Records from a dataset
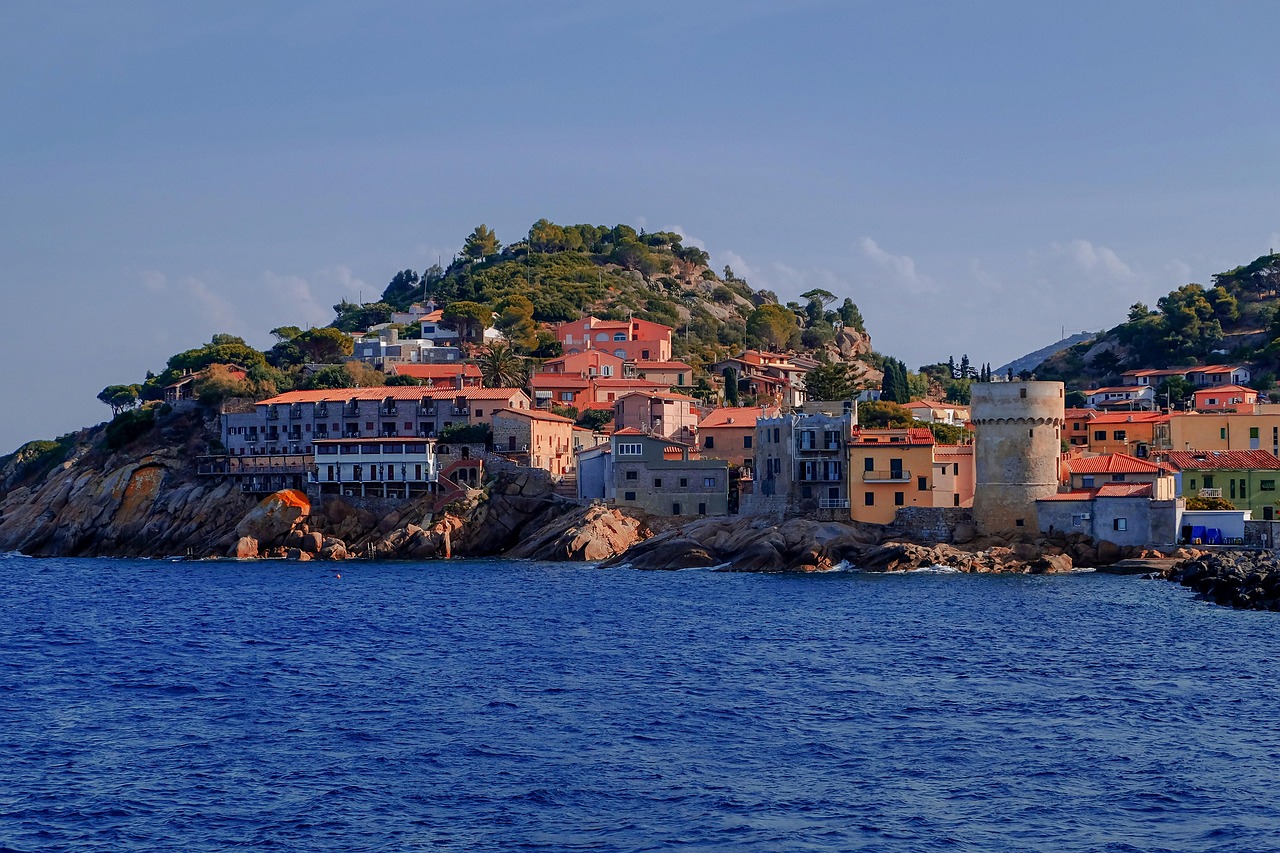 Vista panoramica del borgo dell'Isola del Giglio con spiagge cristalline sullo sfondo.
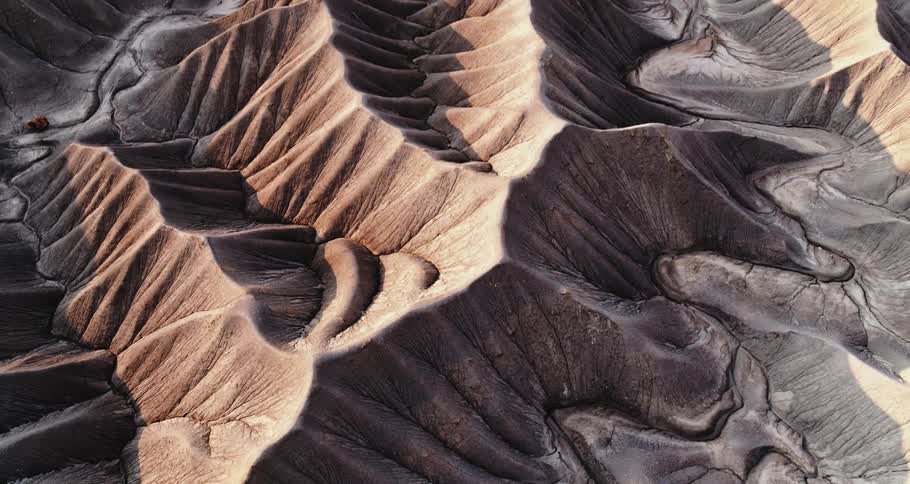 Arroyo run through low hills across desert and plains toward plateaus on the horizon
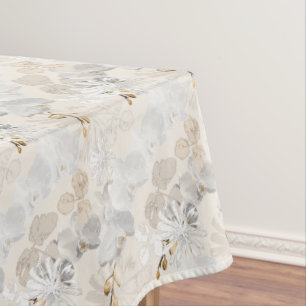 White orchids on a light cream tablecloth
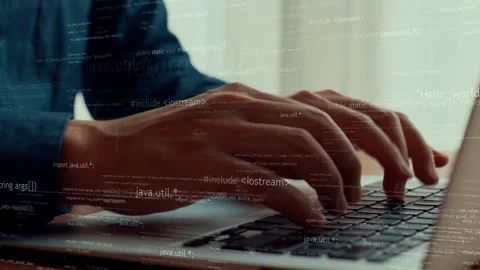 Computer programmer uses capable laptop computer to develop programming code Stock Footage 171045801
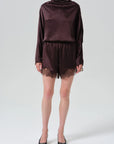 Lace trimmed tap shorts by Citizens of Humanity, paired with a satin long-sleeve top and black heels.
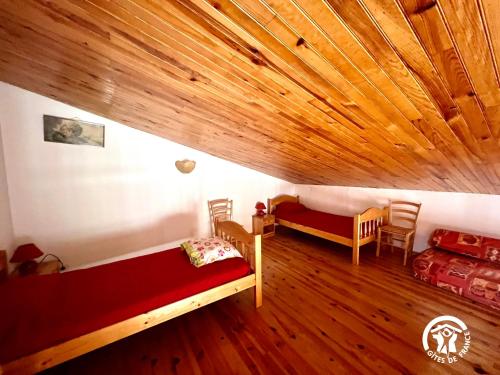 een slaapkamer met 2 bedden en een houten plafond bij Cabanat in Belvis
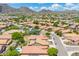 Expansive aerial view of a residential neighborhood with desert landscaping and mountain views on a sunny day at 5123 W Redbird Rd, Phoenix, AZ 85083
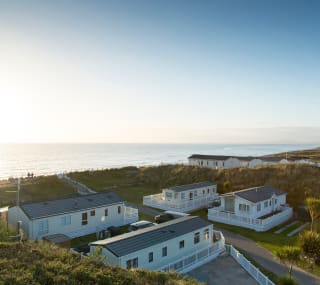 A path leading to the beach with holiday caravans on either side of the path. image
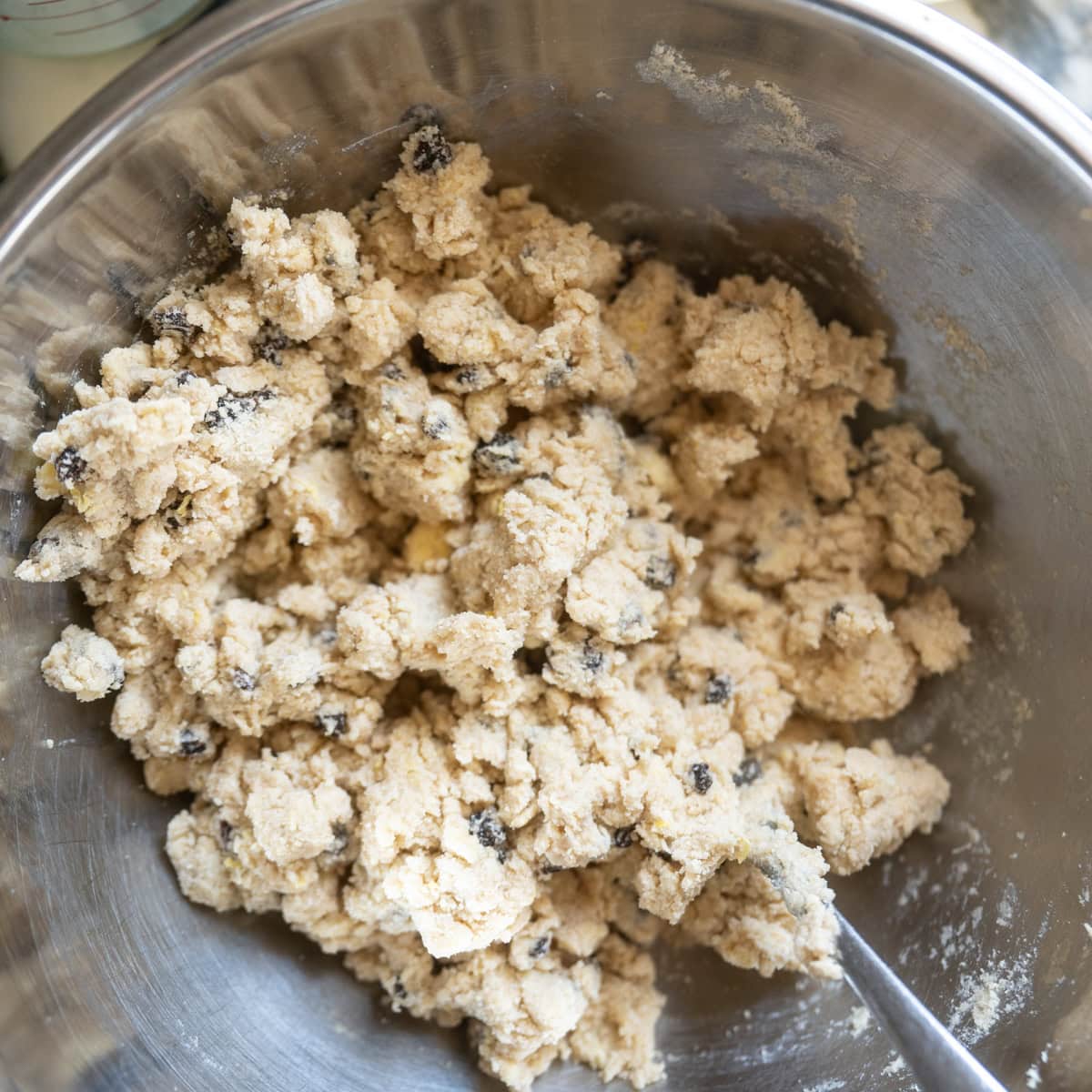 A metal mixing bowl filled with chunky Irish soda bread scone dough containing currants, with a spoon partially buried in the mixture.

[What the task asks]
Please return exactly, and only, the lines from the one containing "Lace trimmed tap" through the end of the records, with both end lines kept and every picture dropped.

[Exercise answer]
 Lace trimmed tap shorts by Citizens of Humanity, paired with a satin long-sleeve top and black heels.
 een slaapkamer met 2 bedden en een houten plafond bij Cabanat in Belvis
 Expansive aerial view of a residential neighborhood with desert landscaping and mountain views on a sunny day at 5123 W Redbird Rd, Phoenix, AZ 85083
 A path leading to the beach with holiday caravans on either side of the path. image
 A metal mixing bowl filled with chunky Irish soda bread scone dough containing currants, with a spoon partially buried in the mixture.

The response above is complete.